SOLON — A desolate plot of land on Davis Farm Road is soon destined to become a 24-hour manufacturing site for wood biobricks.

Enviro Wood Briquettes will break ground at the new location in August, according to the company’s owner, John Webster, so long as it is successful in winning a federal grant for the project.

For the last eight years the company, which buys its sawdust from Kennebec Lumber in Solon, has been located in Berwick. It annually produces about 2,000 tons of biobricks, a heating oil and firewood alternative.

Being located 150 miles from the lumber yard, in addition to having a limited use permit for the Berwick facility, no longer makes sense, Webster said, so he’s planning to move most of the business, including all the manufacturing, to Solon.

The plan will add seven new jobs when the facility opens, hopefully by Nov. 1. The company is working with the town to apply for a Community Development Block Grant that would provide $210,000 in funding.


The planned move, which wouldn’t take place until next year if the grant falls through, also will mean an expansion for Enviro Wood. Webster hopes to increase production from about 2,000 tons of bricks per year to 5,000 tons.

“We’ve been doing this for eight years, and every year we can’t make ’em fast enough,” Webster said. “We can’t supply the market.”

Like wood pellets, biobricks are a firewood alternative made from dried wood using compression.

But unlike pellets, they don’t require a special stove to burn them.

A component in the wood becomes sticky under the heat of compression and holds the bricks together.

“There’s no bark, there’s no bugs and less ash,” Webster said. The bricks have just a 5 percent moisture content, while firewood usually has about a 20 percent moisture content, meaning more is needed to achieve the same output.

“With the bricks, once you get a fire going, you can dampen it down and spread those Btus over a longer time period,” Webster said.

The lower moisture also prevents creosote from building up in a chimney, lowering the risk of chimney fires.

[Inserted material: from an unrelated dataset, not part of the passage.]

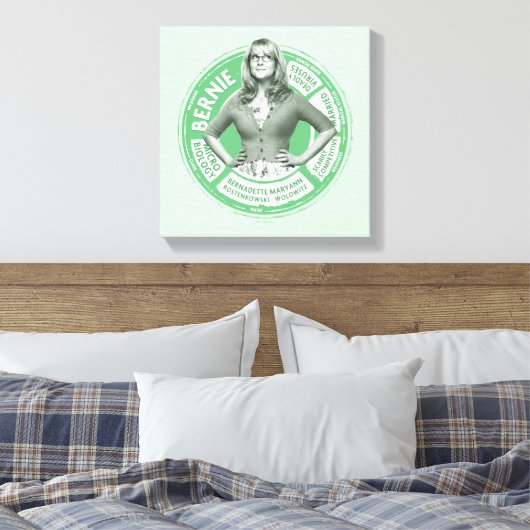 Toile Graphique Info Bernadette (Insitu(Chambre))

Enviro Wood started eight years ago, when Webster, a former merchant mariner, was looking for a firewood alternative to heat his home in South Berwick.

Webster is also the founder and president of Southern New Hampshire Hydroelectric, a builder and operator of small hydroelectric generating stations in New England.

After reading an article in the Portland Press Herald about biobricks, a compressed wood brick made in Connecticut and sold in Maine, he decided to give them a try. But Webster had to drive about 100 miles to Damariscotta to find them.

“I liked them an awful lot. It’s a convenience thing,” Webster said.

“If you have any experience with firewood, you know you either cut it yourself or you have to split it. Then you have to get it in your cellar. By the time you get it in the cellar, you have to mess with all the dirt on it and the bark that falls off, and clean up that mess.

“With these bricks, you move them into your house and that’s it.”


One ton of bricks, which is roughly the equivalent of one cord of wood, runs about $300 retail.

“This is the middle of summer. No one’s burning firewood, but I have about 20 truckloads back-ordered and it’s been like that since day one,” he said.

Webster said he hopes to add another brick-making machine in Solon and have three shifts for workers so he can produce bricks around the clock.

“I didn’t know anything about making bricks or working with sawdust eight years ago when I got started, so I didn’t build my Berwick facility the best way that I could have, just because of my inexperience,” he said.

“Over eight years I’ve learned what I should do and what I shouldn’t do, so this new facility is going to be state of the art.”